There are many challenges to face when directing a large group of students and parents, many of whom have little or no theater experience. Linda said, “Stage directing the 7th Grade play is a unique job. Every year is like starting a new theater company. New producers, new set designer, new costume designer, new everything! My initial role is to mentor the producers and chiefs and then let them run with it. I am fortunate to have Kendra Thyne (Choreographer and Assistant Stage Director) and Amanda Hammond-Kern (Music Director) again on the creative team. The 7thGrade play is not a drama club. Most of the students are not natural performers and many of them need help finding and bringing out their ‘inner performer.’ It can be a challenge, but when it happens, it’s a joyous thing!”

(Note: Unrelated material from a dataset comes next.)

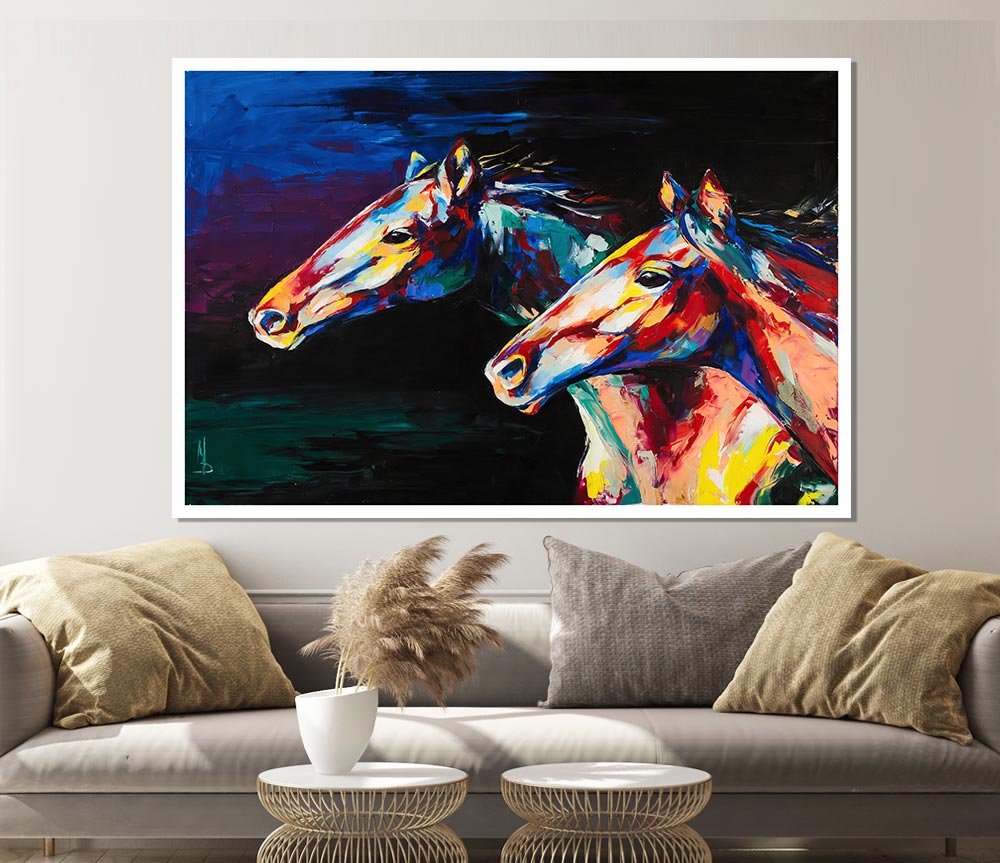 Two Running Horses Print Poster Wall Art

Parent Volunteers Make it Happen
Traditionally, the annual 7th grade play is a completely volunteer-run production, led by a team of parent producers who hire a creative staff to lead the artistic direction while volunteers manage the rest. This year’s producers are Kim Boschi, Marsha Cervantez, Catherine Fink, and Jennifer Rowland.
Jennifer is, “loving it all! It has been exciting to be behind the scenes and see how much these kids have already achieved since the first week of rehearsals in January. I have seen so many accomplishments and growth every single day.”
At rehearsal last week, Catherine noted that she was eager to get involved with this year’s play. She was a co-producer herself in 2017 so is familiar with how many volunteer hours go into a production. Catherine said, “In addition to all the positives that the students get from their participation,the parent bonding that happens over the course of the show is also special. In this day when there are so many working parents, it has been great to connect with other parents, many of whom I have hardly seen since kindergarten.”
Jennifer noted that it has been difficult to find volunteers, and more are always welcome. “We always need parents to assist as chaperones during rehearsal,” she said. “With so many moving parts, chaperones truly help keep the flow of rehearsal moving. It’s also a great opportunity to get a sneak peek at the show!”
Many parents have generously contributed time to design and build sets, props and create the over 100 different costumes used in the production. More parents help with hair and makeup, lights, sound, tickets, front of house, photography, lobby display, cast and crew party, publicity, advertising, t-shirts and videos. Parents also assist backstage during the shows to make sure microphones are in place, entrances are on time and set and prop pieces are all in position. “The backstage parents and I often dance and lip synch in the wings during the big numbers,” quips Linda. “We silently fist pump at every laugh and lusty applause the audience gives, and high five when the cast and crew have perfectly executed a very difficult scene. We are a pretty comical sight to see!”
While you may not be able to see what’s happening backstage, you will not want to miss this production of Disney’s Beauty and the Beast, Jr.
Thursday, March 19 at 4:00pm, Friday, March 20 and Saturday, March 21 at 7:00pm. Corey Auditorium, Carlisle Public Schools. Tickets are $10 and are available at ticketstage.com, at Ferns Country Store, and from all Carlisle 7th grade students.